**Exercise requirements**
Once the line holding "Peaceful Apartment Near" is found in the entries below, transcribe exactly every line up to and including the one holding "Embassy By Hilton Hotel 4*", but leave out the pictures.

**Listed records**
== == ==
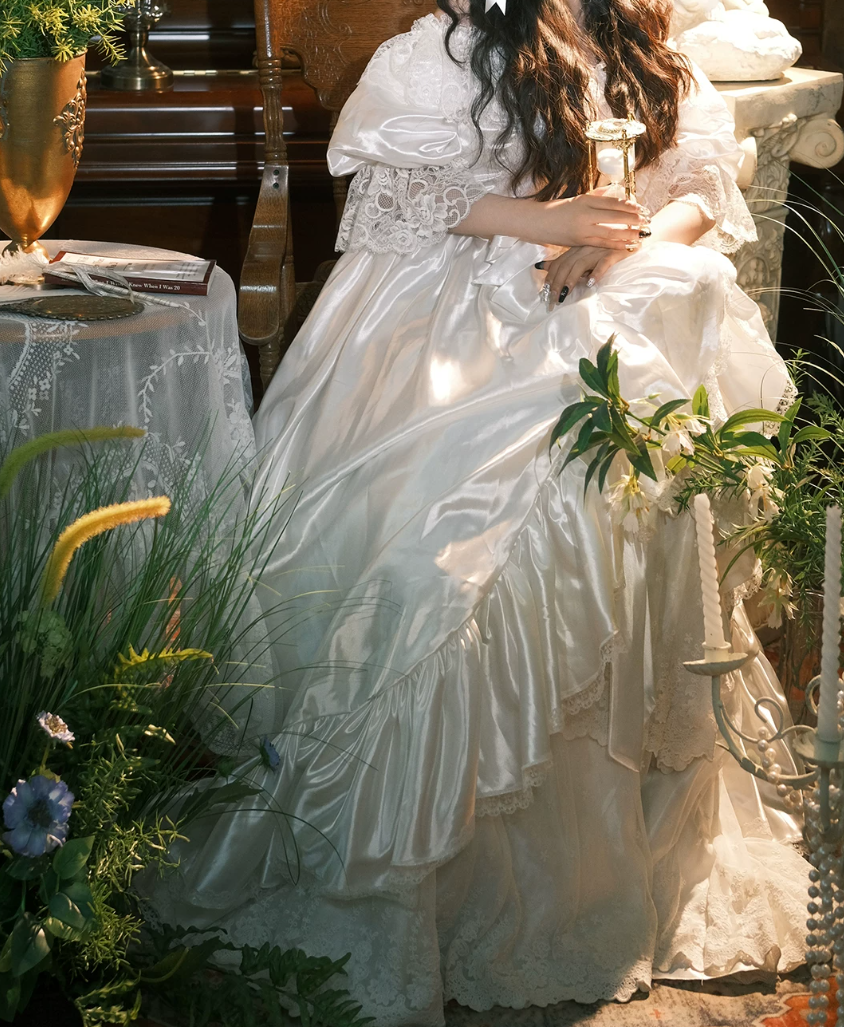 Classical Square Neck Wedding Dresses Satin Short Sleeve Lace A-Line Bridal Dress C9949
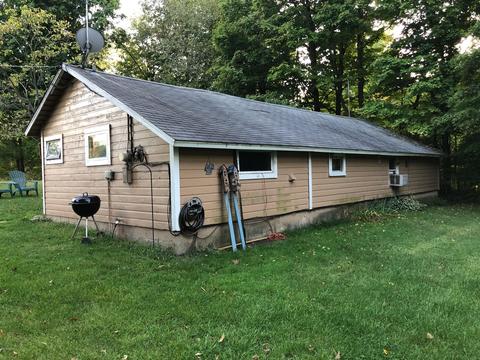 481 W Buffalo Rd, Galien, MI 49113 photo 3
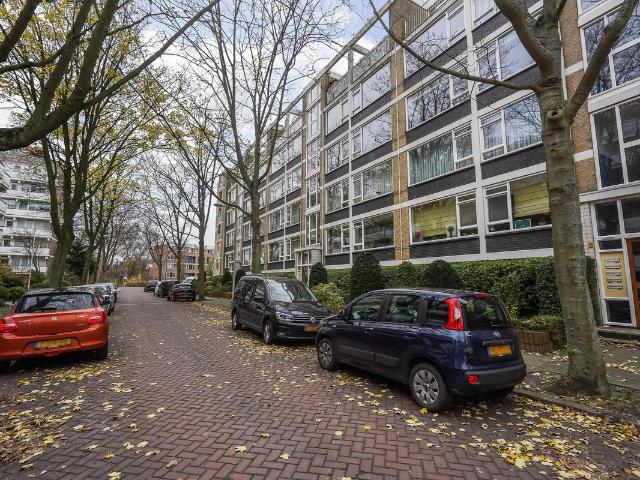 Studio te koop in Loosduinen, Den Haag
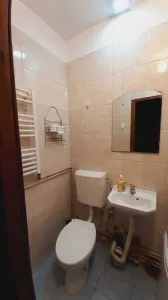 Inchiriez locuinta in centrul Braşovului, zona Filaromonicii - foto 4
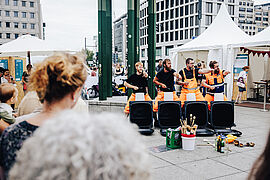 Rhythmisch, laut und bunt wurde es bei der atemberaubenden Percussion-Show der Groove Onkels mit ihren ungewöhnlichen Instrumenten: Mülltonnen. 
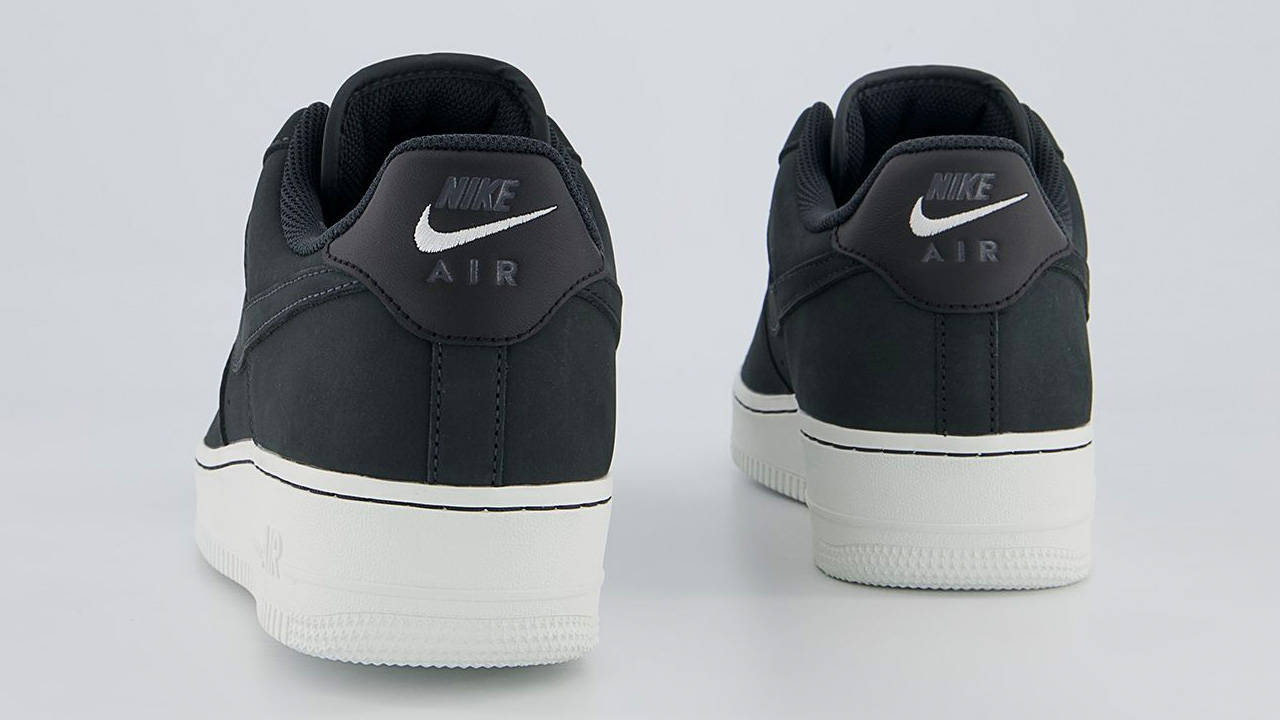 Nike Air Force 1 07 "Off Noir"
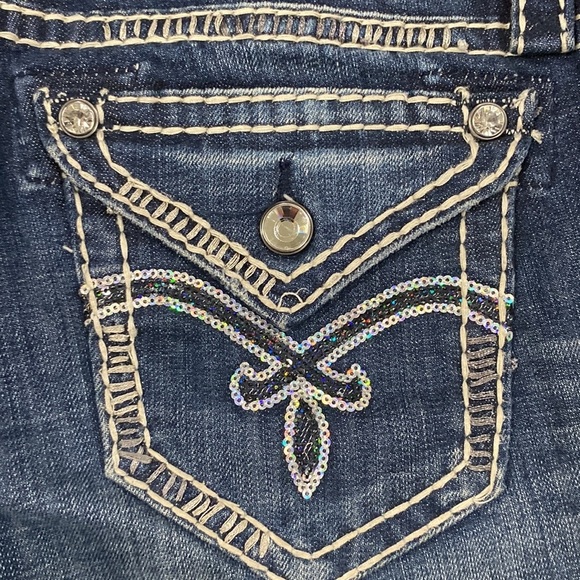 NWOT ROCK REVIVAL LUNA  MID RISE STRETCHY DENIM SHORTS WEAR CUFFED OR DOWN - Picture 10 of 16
== == ==
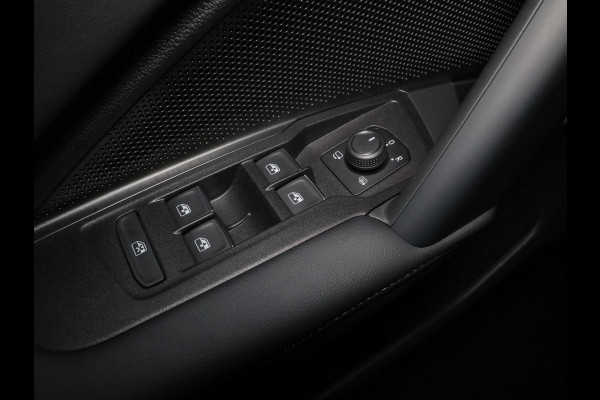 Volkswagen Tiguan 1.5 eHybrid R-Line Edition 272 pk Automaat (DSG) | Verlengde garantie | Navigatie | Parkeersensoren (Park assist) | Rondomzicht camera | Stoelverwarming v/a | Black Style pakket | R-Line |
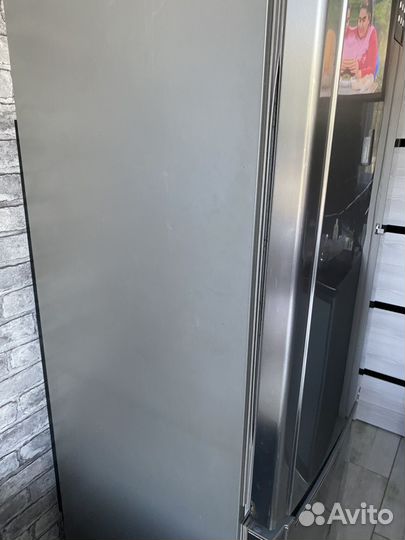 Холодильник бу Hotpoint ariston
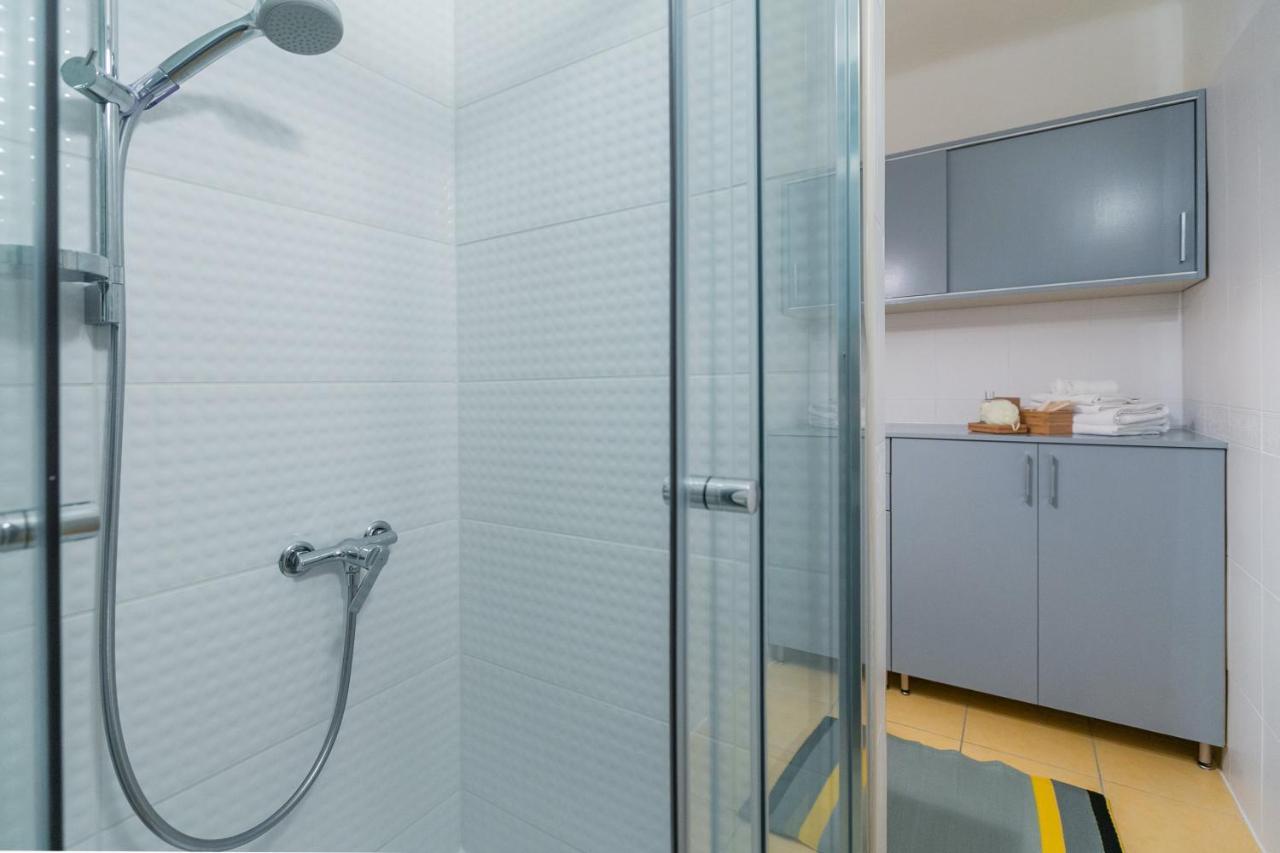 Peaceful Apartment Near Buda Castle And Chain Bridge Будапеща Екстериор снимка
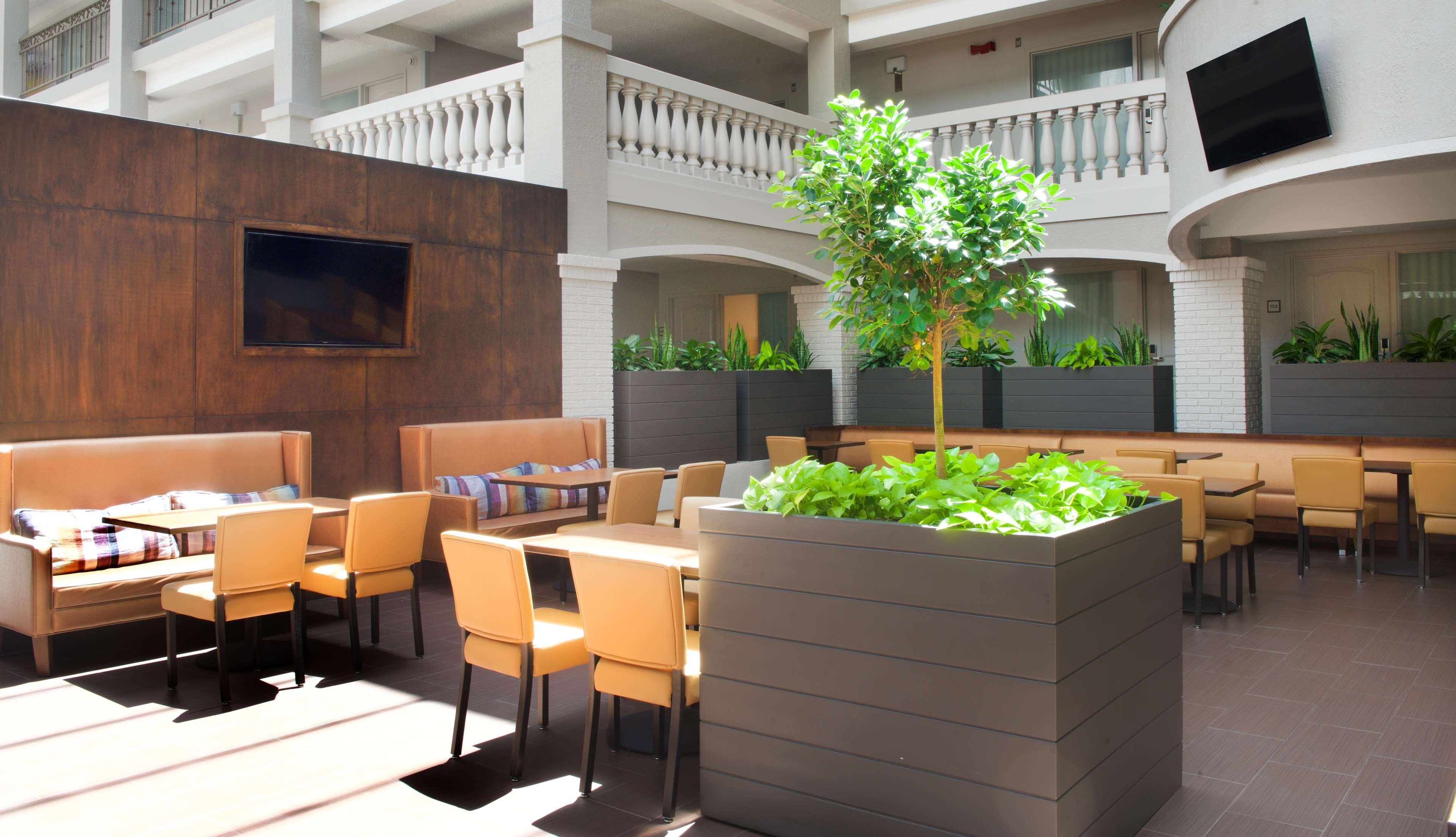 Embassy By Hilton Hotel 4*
== == ==
**Finished exercise**
 Peaceful Apartment Near Buda Castle And Chain Bridge Будапеща Екстериор снимка
 Embassy By Hilton Hotel 4*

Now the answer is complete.